When the residential schools were set up, it was as a progressive solution to the problem of Canadian aboriginals. Indians were obviously doing poorly; in fact, facing imminent starvation.
They are still doing relatively poorly, if better than they were. But blaming residential schools for the problem is in the end nothing more than a very useful dodge to avoid fixing it. The Truth and Reconciliation Commission is looking for scapegoats. In this, they are following a path well-trodden by other corrupt elites: blame the outsider.
To illustrate: why is Mexico so much poorer than the US? The poverty, after all, starts right at the border, where climate, geography soils, not to mention the history of colonization and then independence, are all the same. Why are South Asians such world beaters the instant they get off the plane in North America and start school, yet South Asia itself seems to struggle so painfully to accomplish anything?
|
Left: USA. Right: Mexico. |
The economist Mancur Olson solved the riddle. The one remaining, but essential, variable is the level of corruption within the given ruling class. A selfish, non-meritocratic governing class can destroy anything.
To obscure their guilt and hold their power, ruling classes everywhere in the “Third World” these days are eager to blame “European colonialism” for all their local problems—when they are not blaming the poor for having too many babies. This is a good, solid red herring, although of course it grows less and less plausible with each succeeding year. Besides distracting attention from their own terminal venality, it allows them to shake down the guilty liberals of the richer nations of Europe for foreign aid, which mostly of course ends up in their own already amply-stuffed pockets. It plays best in cultures that are themselves rather xenophobic, hence prepared always to rally to the flag and believe the worst of foreigners.
|
North vs. South Korea at night, seen from space. |
The leaders of Canada's native people play the same game. The great majority of their proposals do nothing to help any ordinary native Canadians, but instead guarantee more pay and more power for an Indian bureaucratic elite: new graduate programs in aboriginal languages and cultures at universities. Annual studies and progress reports on absolutely everything. Everything to be done “in consultation with Indian elders.” Ordinary Indians tend to be suckers for this tactic, because few cultures are more truly xenophobic, or to be less polite, racist, than the Native Canadian ones. For most of them, the same word is used for their self-identification as a tribe or “nation,” and for “human being.” In other words, anyone who is not a member of the tribe is not human.
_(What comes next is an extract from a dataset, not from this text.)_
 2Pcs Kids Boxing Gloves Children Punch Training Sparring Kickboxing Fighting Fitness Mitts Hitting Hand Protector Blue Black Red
Little wonder, then, that the Indian leaders want badly to preserve this culture; it is a bulwark of their power. Little wonder, too, that they reserve their special hate, and most outrageous demands, for the Catholic Church. First, because it preaches directly against this idea, and second, because it is their most dangerous rival for the allegiance of their subjects. If my own experience is representative, I find the average Canadian Indian to be an unusually devout Christian. In this, as in so much else, the culture, outlook and interests of the Indian ruling class are very different from those of the ruled.
The best thing that could be done for the interests of Canadian Indians would be to get rid of this corrupt ruling class. Unfortunately, much of their power is enshrined in treaties. In the meantime, the worst thing that could be done would be to follow the recommendations of the Truth and Reconciliation Commission.